Below are the detailed explanation of all stages and why it is crucial for the system.
1st Stage: Pre-Filtration
Although the semi-permeable membranes are capable of filtering the vast majority of water-borne contaminants, they can get clogged up easily with larger particles.
Sending the unfiltered water directly through the membrane will essentially shorten its lifespan.
A pre-filter usually consists of carbon and sediment filters which are responsible for removing the largest particles in the water in preparation for the membrane to remove whatever remains in the water.
You can make things even easier on the system by installing some kind of water softener at home.
2nd Stage: RO Membrane Filtration
With the larger particles filtered out, the water can now be pushed through the membrane with the aid of water pressure.
The membrane gets rid of microscopic contaminants such as lead, arsenic, and dissolved solids, thus making the water suitable for human consumption.
3rd Stage: Storage
The multi-stage filtration process will take a while to generate clean water.

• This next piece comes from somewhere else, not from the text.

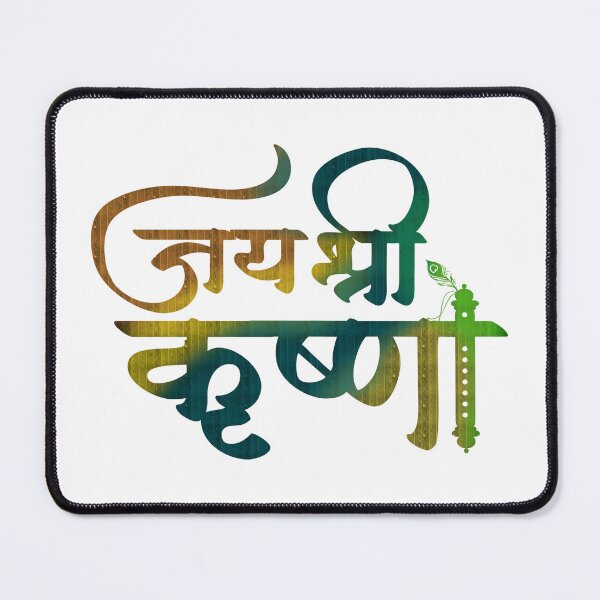 Item preview, Jai Shri Krishna – Elegant Calligraphy of Divine Love and Devotion designed and sold by IndoPatterns.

Hence, most of the system will funnel the filtered water directly into the storage tank. The storage tank ranges in size between 3.2 to 4 gallons.
4th Stage: Post-Filtration
In the unlikely event whereby contaminants pass through the membrane, a carbon filter will act as a final protective layer that removes any remaining contaminants before the water is directed out via the faucet.
Old tubes and storage tanks sometimes contribute to bad odors and foul tastes of the filtered water. This is where the post-carbon filter comes in and removes it leaving behind only clean water.